What the task asks: An exact copy of the data is needed, but without any of its images.

Recorded data:
● ● ● ● ● ● ●
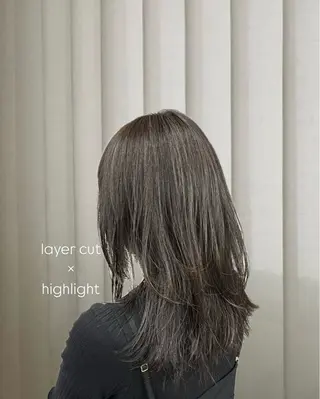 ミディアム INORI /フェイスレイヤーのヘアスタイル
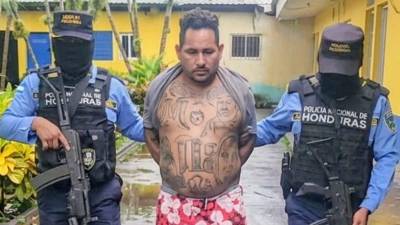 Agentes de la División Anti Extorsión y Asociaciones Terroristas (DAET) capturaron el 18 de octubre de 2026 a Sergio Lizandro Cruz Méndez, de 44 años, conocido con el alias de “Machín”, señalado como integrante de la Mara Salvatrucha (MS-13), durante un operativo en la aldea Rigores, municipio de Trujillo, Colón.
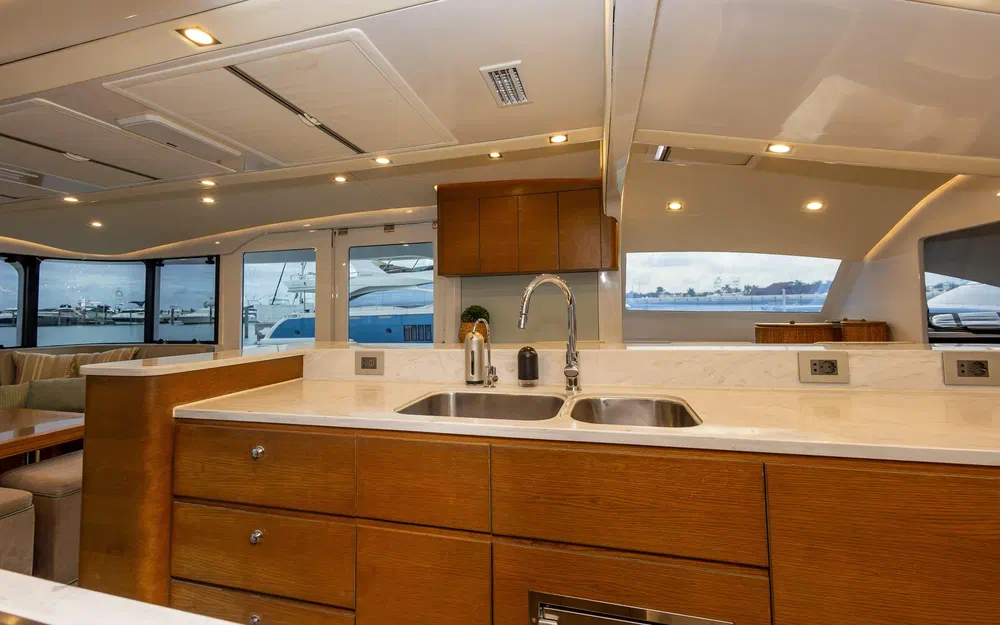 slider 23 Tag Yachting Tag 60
● ● ● ● ● ● ●
Answer for the task:
 ミディアム INORI /フェイスレイヤーのヘアスタイル
 Agentes de la División Anti Extorsión y Asociaciones Terroristas (DAET) capturaron el 18 de octubre de 2026 a Sergio Lizandro Cruz Méndez, de 44 años, conocido con el alias de “Machín”, señalado como integrante de la Mara Salvatrucha (MS-13), durante un operativo en la aldea Rigores, municipio de Trujillo, Colón.
 slider 23 Tag Yachting Tag 60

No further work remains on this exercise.